(DATA begins)

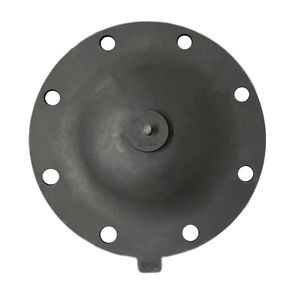 Diaphragm Pump Valve Repair Spare Parts Kit EPDM Rubber Diaphragm for Diaphragm Valve DN80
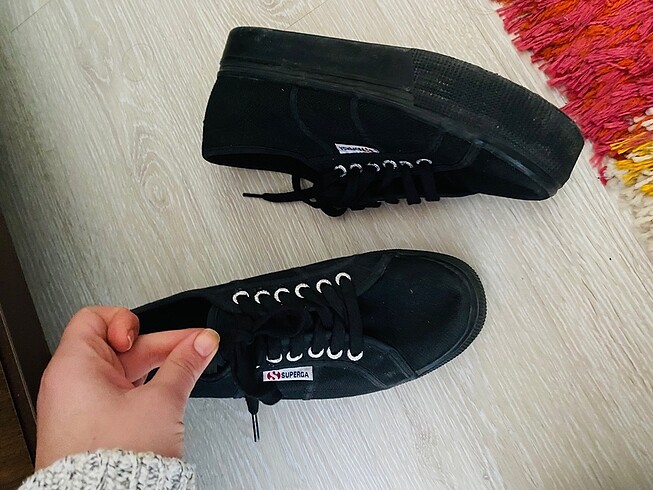 Superga Süperga kalın taban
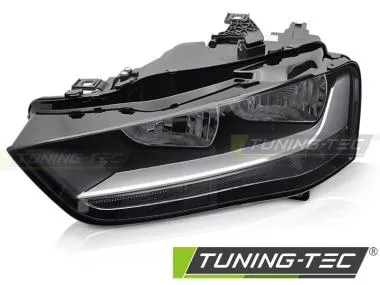Far BLACK TYC partea stanga pentru AUDI A4 B8 12-15 - FAU13L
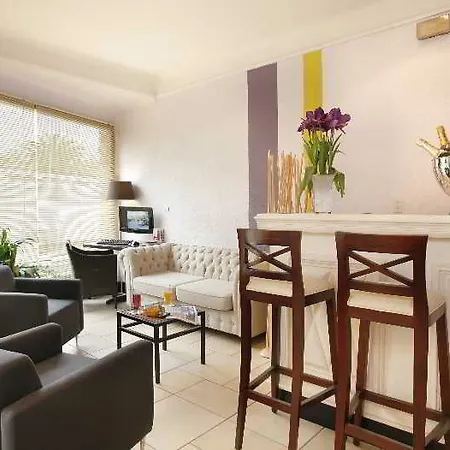 The Originals Perpignan Sud Le Grillon D'or Отель 3*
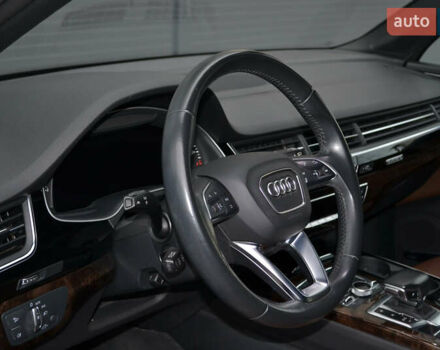 Чорний Ауді Ку 7, об'ємом двигуна 3 л та пробігом 105 тис. км за 39900 $, фото 7 на Automoto.ua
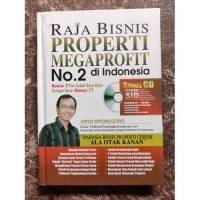 Image of Raja bisnis properti megaprofit no.2 di Indonesia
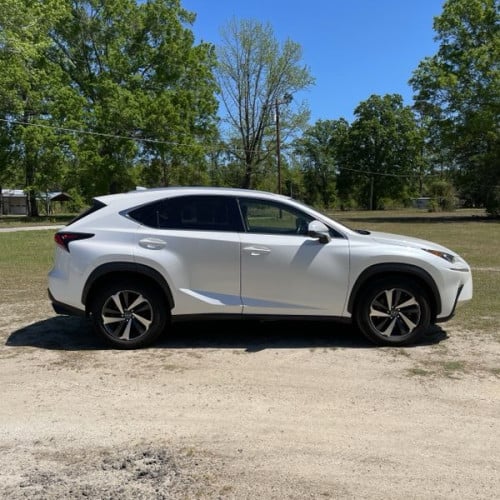 Lexus NX 300 2018 full options 7មុឺនmile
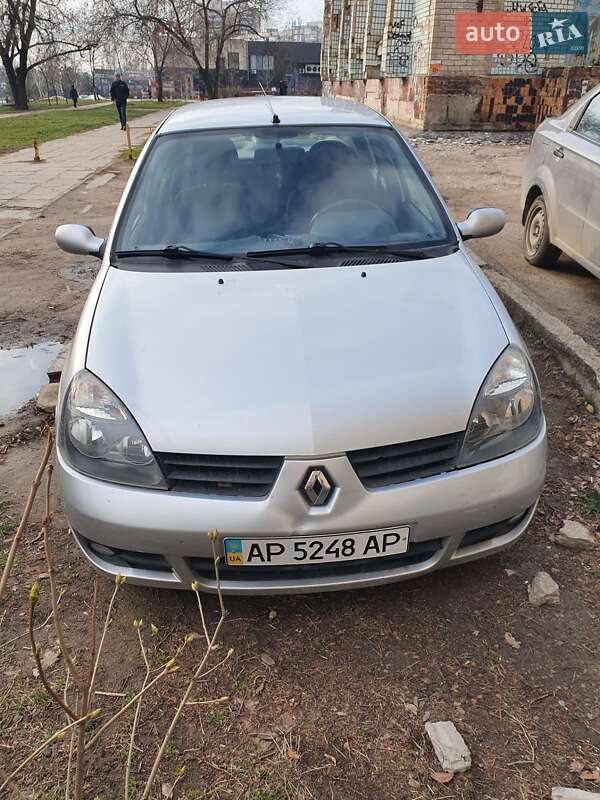 Renault Clio Symbol 2006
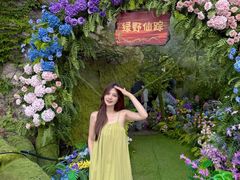 -沂蒙云瀑洞天景区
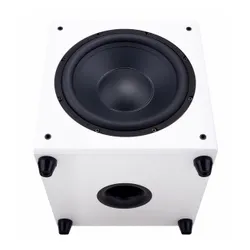 Subwoofer Wilson SUB-12 Aktywny 250W Biały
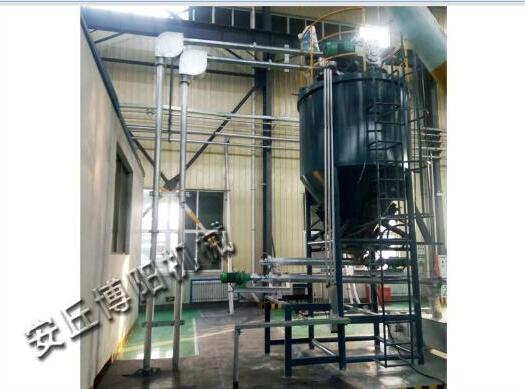 管鏈輸送機(jī)在肥料行業(yè)中有什么優(yōu)勢(shì)？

(DATA ends)

ACTIVITY: Leave the pictures out and retype only the lines from the line with "Far BLACK TYC" through the final line of the material, both ends included, word for word.

RESPONSE:
Far BLACK TYC partea stanga pentru AUDI A4 B8 12-15 - FAU13L
 The Originals Perpignan Sud Le Grillon D'or Отель 3*
 Чорний Ауді Ку 7, об'ємом двигуна 3 л та пробігом 105 тис. км за 39900 $, фото 7 на Automoto.ua
 Image of Raja bisnis properti megaprofit no.2 di Indonesia
 Lexus NX 300 2018 full options 7មុឺនmile
 Renault Clio Symbol 2006
 -沂蒙云瀑洞天景区
 Subwoofer Wilson SUB-12 Aktywny 250W Biały
 管鏈輸送機(jī)在肥料行業(yè)中有什么優(yōu)勢(shì)？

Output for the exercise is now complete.